I often reflect on things I’ve done and/or said and realised that I could have been a bit more “wise” about it (as suggested by a Board member in Surabaya), and I’ve made some horrible mistakes in dealing with people. But, on many other occasions, if I had done things much differently, I would have compromised my principles too much. I remember, at a particularly tough time, in a number of aspects, of my life talking to an American counselor, in Ubud. He listened to my tale, and then said “You’re just not hanging out with the right people”.
Well, being at an International Baccalaureate conference is definitely hanging out with the right people. I used to say, to my administration colleagues, in Surabaya, I wish that all IB teachers could attend the conferences. Workshops are great, but they don’t give the sense of being part of the world’s greatest learning community that a conference does.

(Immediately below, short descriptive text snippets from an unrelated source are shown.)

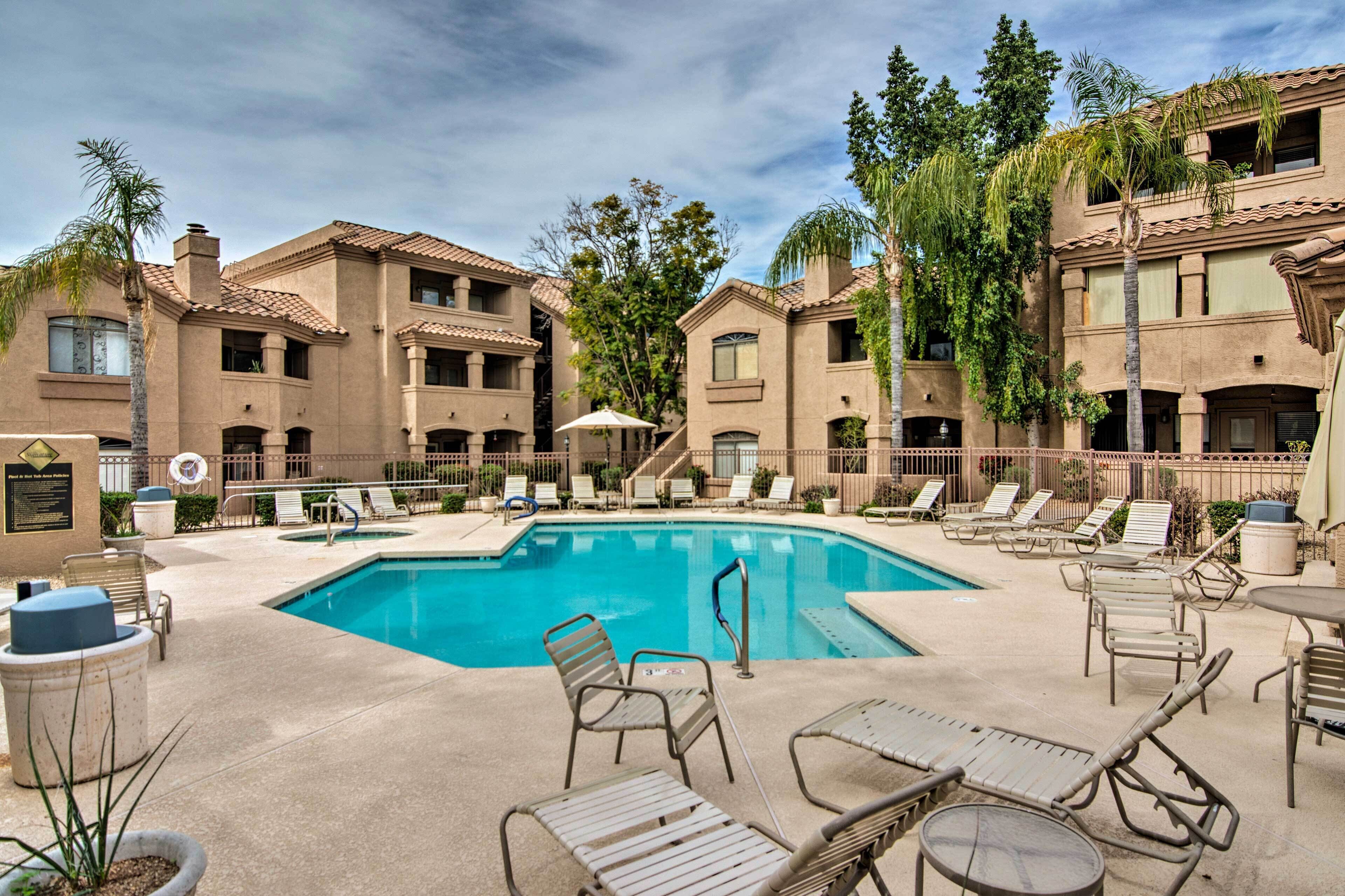 A pool area with lounge chairs and a clear blue pool surrounded by buildings with balconies and palm trees.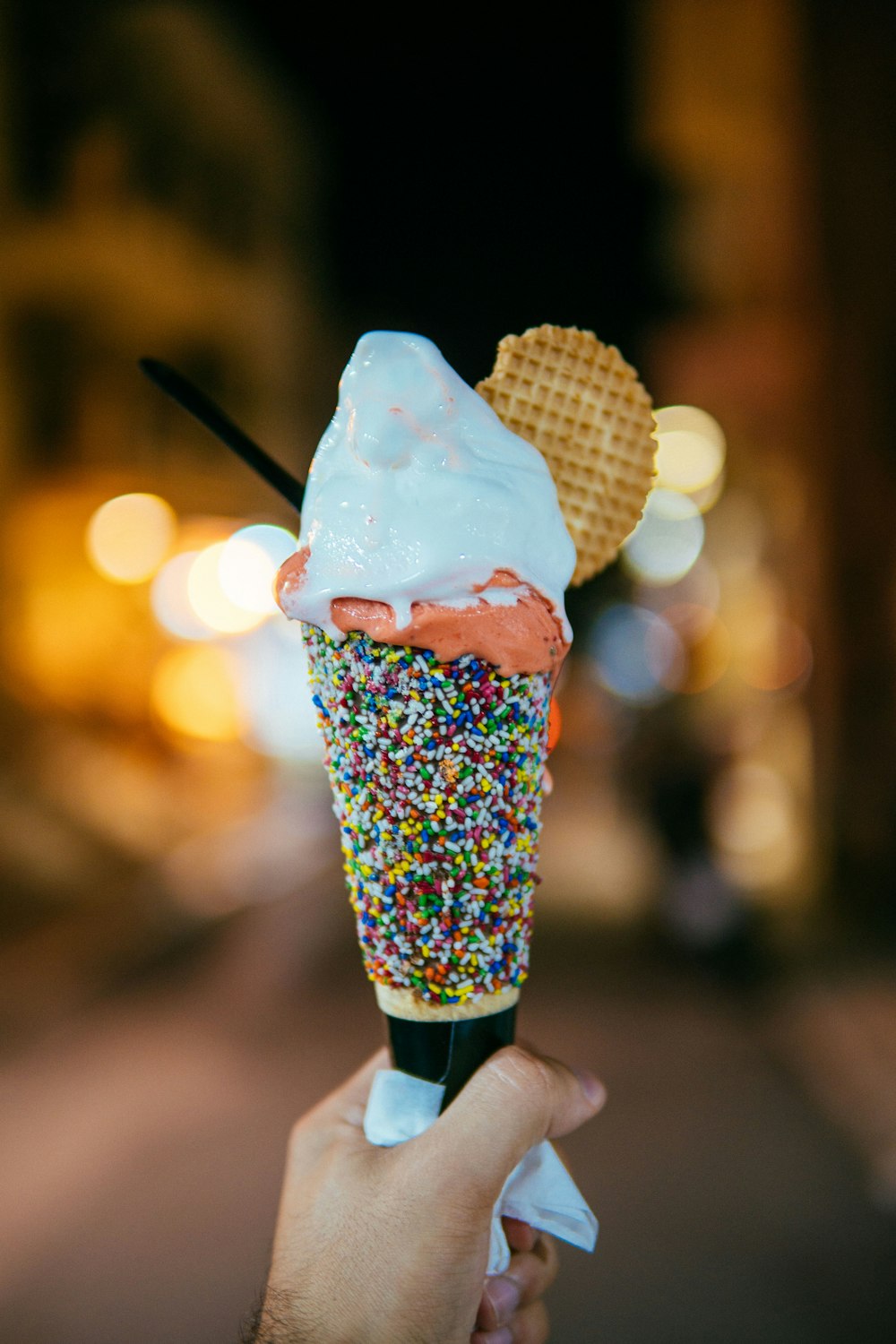 person holding multicolored sprinkled ice cream cone with vanilla flavored ice cream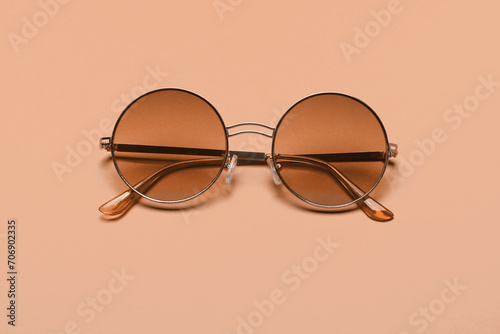 Beautiful trendly sunglasses on a pink background. New trending PANTONE Peach Fuzz colour of 2024 year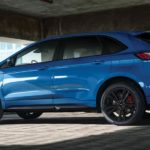 A light blue 2021 Ford Edge is shown from the side parked in a parking garage.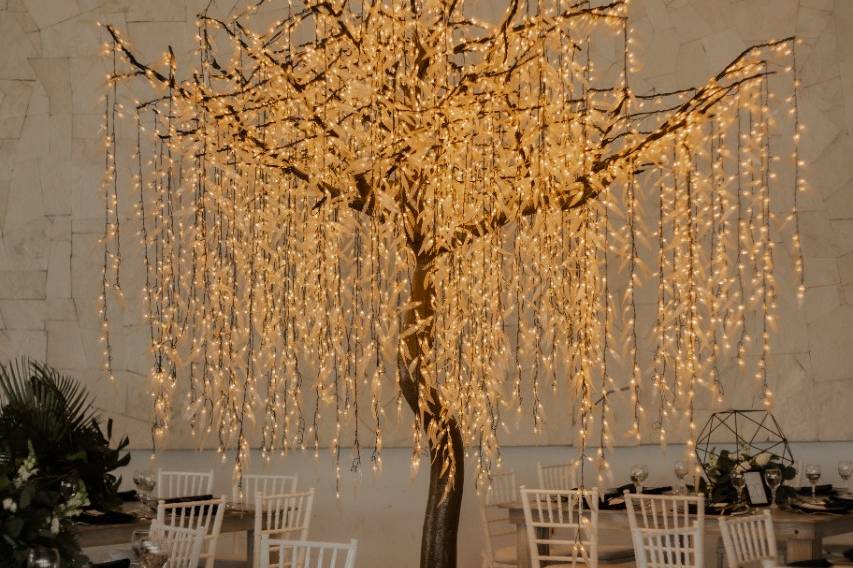 Sillas y mesas con un árbol de luces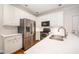 Updated kitchen showcasing stainless steel appliances and white subway tile backsplash at 7605 Sandy Lake Ct, Raleigh, NC 27613
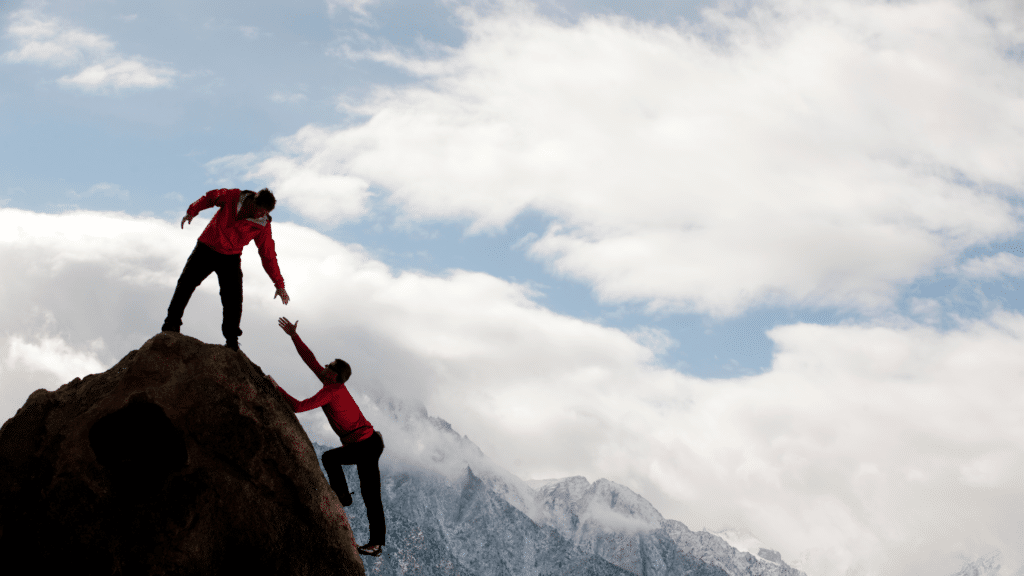Two climbers in red jackets reach each other on a rocky mountain summit against a cloudy blue sky.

Listening to the stories of James Tooley, who researches “illegal” private schools for the poor around the world, or National Geographic’s “explorer in residence”, Wade Davis, who exhorts us to preserve our humanity by preserving traditional culture and wisdom, or Greg Mortenson, who builds schools in Pakistan and Afganistan is truly inspiring stuff. But, the wonderful experience of being with 800 others who share the vision of what the world should be, and are working towards making it happen, is breath taking.
The final realisation is that, out “there”, are millions of people who, in their own way, are labouring to “create a better and more peaceful world..”, and we will never know a fraction of their stories. I salute them all.